YOUR GOAL = Would you please set down, word for word, the lines from the one with "The Legion - Landing Page" through the final line of the data below, omitting any pictures?

DATASET CONTENT =

--------------------

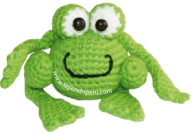 Tutorial: sapo amigurumi (frog, toad)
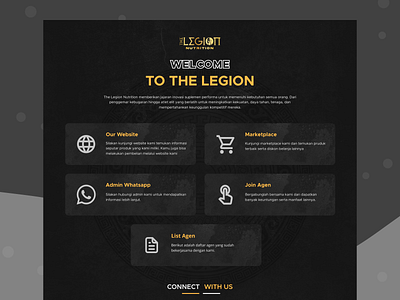 The Legion - Landing Page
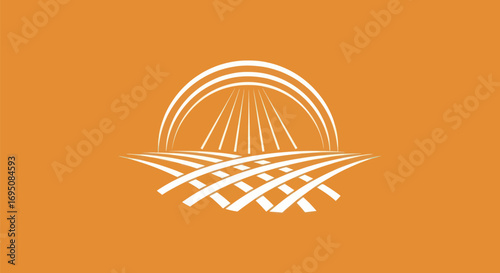 Agricultural Fields Under Sunny Skies.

--------------------

ANSWER BOX =
 The Legion - Landing Page
 Agricultural Fields Under Sunny Skies.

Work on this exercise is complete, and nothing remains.